Chapter 9 Lazy Evaluation and Lazy Queries

This chapter:

Reviews lazy loading, lazy evaluation and lazy query execution

Demonstrates how dplyr code gets executed (and how R determines what is translated to SQL and what is processed locally by R)

Offers some further resources on lazy loading, evaluation, execution, etc.

9.1 Setup

The following packages are used in this chapter:

library(tidyverse)
library(DBI)
library(RPostgres)
library(dbplyr)
require(knitr)
library(bookdown)
library(sqlpetr)
library(connections)
sleep_default <- 3

Start your adventureworks container:

sqlpetr::sp_docker_start("adventureworks")
Sys.sleep(sleep_default)

Connect to the database:

# con <- connection_open(  # use in an interactive session
con <- dbConnect(          # use in other settings
  RPostgres::Postgres(),
  # without the previous and next lines, some functions fail with bigint data 
  #   so change int64 to integer
      bigint = "integer",  
  user = Sys.getenv("DEFAULT_POSTGRES_USER_NAME"),
  password = Sys.getenv("DEFAULT_POSTGRES_PASSWORD"),
  dbname = "adventureworks",
  host = "localhost",
  port = 5432)

9.2 R is lazy and comes with guardrails

By design, R is both a language and an interactive development environment (IDE). As a language, R tries to be as efficient as possible. As an IDE, R creates some guardrails to make it easy and safe to work with your data.

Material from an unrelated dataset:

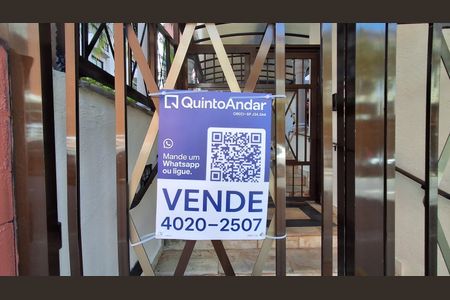 Apartamento à venda com 140m², 3 quartos e 3 vagas Apartamento à venda com 140m², 3 quartos e 3 vagasPlaquinha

For example getOption("max.print") prevents R from printing more rows of data than you want to handle in an interactive session, with a default of 99999 lines, which may or may not suit you.

On the other hand SQL is a “Structured Query Language (SQL): a standard computer language for relational database management and data manipulation.”.¹ SQL has various database-specific Interactive Development Environments (IDEs), such as pgAdmin for PostgreSQL. Roger Peng explains in R Programming for Data Science that:

R has maintained the original S philosophy, which is that it provides a language that is both useful for interactive work, but contains a powerful programming language for developing new tools.

This is complicated when R interacts with SQL. In a vignette for dbplyr Hadley Wickham explains:

The most important difference between ordinary data frames and remote database queries is that your R code is translated into SQL and executed in the database on the remote server, not in R on your local machine. When working with databases, dplyr tries to be as lazy as possible:

It never pulls data into R unless you explicitly ask for it.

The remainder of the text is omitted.